GPU Memory Leak when using MixStyle Layer

I am using the MixStyle methodology for domain adaptation and it involves using a custom layer which is inserted after every encoder stage. However, it is causing VRAM to grow linearly, which causes OOM error. No memory leak occurs on disabling the layer. Any idea on why this is happening?

This is the layer for reference -

import random
import torch
import torch.nn as nn


class MixStyle(nn.Module):
    """MixStyle.
    Reference:
      Zhou et al. Domain Generalization with MixStyle.

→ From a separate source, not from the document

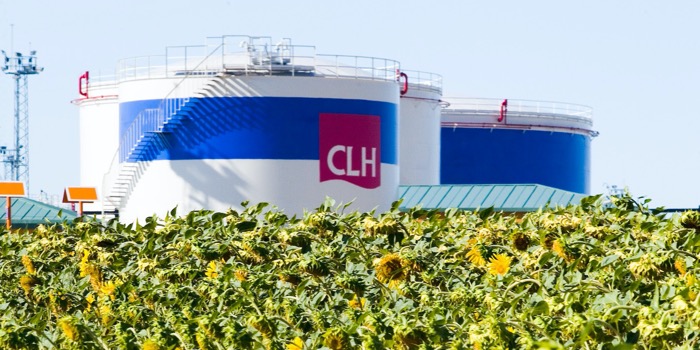 CLH Group aims to be carbon neutral by 2050

To view article please click here: ow.ly/WQHn50xyEtU

#StorageTerminalsMag #CLH #carbonneutral #news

ICLR 2021.
    """

    def __init__(self, p=0.5, alpha=0.1, eps=1e-6, mix='random'):
        """
        Args:
          p (float): probability of using MixStyle.
          alpha (float): parameter of the Beta distribution.
          eps (float): scaling parameter to avoid numerical issues.
          mix (str): how to mix.
        """
        super().__init__()
        self.p = p
        self.beta = torch.distributions.Beta(alpha, alpha)
        self.eps = eps
        self.alpha = alpha
        self.mix = mix
        self._activated = True

    def __repr__(self):
        return f'MixStyle(p={self.p}, alpha={self.alpha}, eps={self.eps}, mix={self.mix})'

    def set_activation_status(self, status=True):
        self._activated = status

    def update_mix_method(self, mix='random'):
        self.mix = mix

    def forward(self, x):
        if not self.training or not self._activated:
            return x

        if random.random() > self.p:
            return x

        B = x.size(0)

        mu = x.mean(dim=[2, 3], keepdim=True)
        var = x.var(dim=[2, 3], keepdim=True)
        sig = (var + self.eps).sqrt()
        mu, sig = mu.detach(), sig.detach()
        x_normed = (x-mu) / sig

        lmda = self.beta.sample((B, 1, 1, 1))
        lmda = lmda.to(x.device)

        if self.mix == 'random':
            # random shuffle
            perm = torch.randperm(B)

        elif self.mix == 'crossdomain':
            # split into two halves and swap the order
            perm = torch.arange(B - 1, -1, -1) # inverse index
            perm_b, perm_a = perm.chunk(2)
            perm_b = perm_b[torch.randperm(B // 2)]
            perm_a = perm_a[torch.randperm(B // 2)]
            perm = torch.cat([perm_b, perm_a], 0)

        else:
            raise NotImplementedError

        mu2, sig2 = mu[perm], sig[perm]
        mu_mix = mu*lmda + mu2 * (1-lmda)
        sig_mix = sig*lmda + sig2 * (1-lmda)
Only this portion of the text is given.